Developer productivity hacks #2 - How to keep your React project clean

August 29, 2023 2 min read

In more mature projects, unused components can easily fly under the radar. Or, you install many third party libraries, but then forget to delete the ones you don't need anymore. Did this ever happen to you, or someone you know?

Of course, you think "it doesn't matter, as long as the tree shaking works and this code doesn't get bundled anyways", but when a codebase is full of these unwanted elements, they can confuse developers who are not that familiar with it, and increase unnecessary complexity.

An easy solution

There is a library written in typescript called unimported, that can help getting rid of this problem. It is a command line tool that analyzes your project starting from your entry file.

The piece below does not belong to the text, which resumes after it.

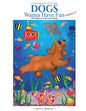 Dogs Wanna Have Fun, Volume 3: Art Pages to Color and Enjoy! Adult Coloring Book - Paperback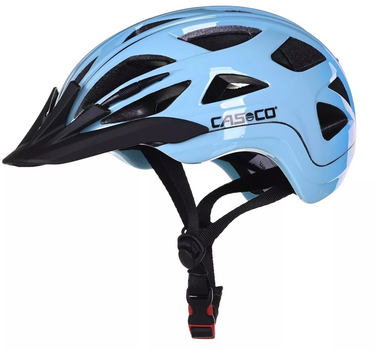 Велосипедний шолом Casco Activ2 J Blue-Black Uni 52-56 см (4031381009043)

It gives you a report of the components which are not imported anywhere in your code, and the installed dependencies that are not used anywhere. After running it, you can just double check, why they are still there, and if they are really not needed, remove them.

Using it locally

You can install it easily with

npm install unimported --save-dev

or

yarn add unimported --dev

and run it right away using

npx unimported

And you can see the results instantly:

unimported-local-example

Using it in your CI

With a few lines you can also add unimported to your CI, just like:

// .github/workflows/unimported.yml

name: unimported
on:
  pull_request:
    branches:
      - main
jobs:
  unimported:
    runs-on: ubuntu-latest
    steps:
      - uses: actions/checkout@v3
      - name: Install packages
        run: yarn
      - name: Run unimported
        run: npx unimported

And then configure it either to push a comment to your PR about the results, or even stop the PR from merging, when it fails. In case you find some false positive results, you can also add a config to your project, and exclude those instances.

Summary

All in all, this is a small, but easy win that can help making your codebase more robust, and more developer friendly. The best thing is, this library not only works with React projects, but with any nodejs project as well!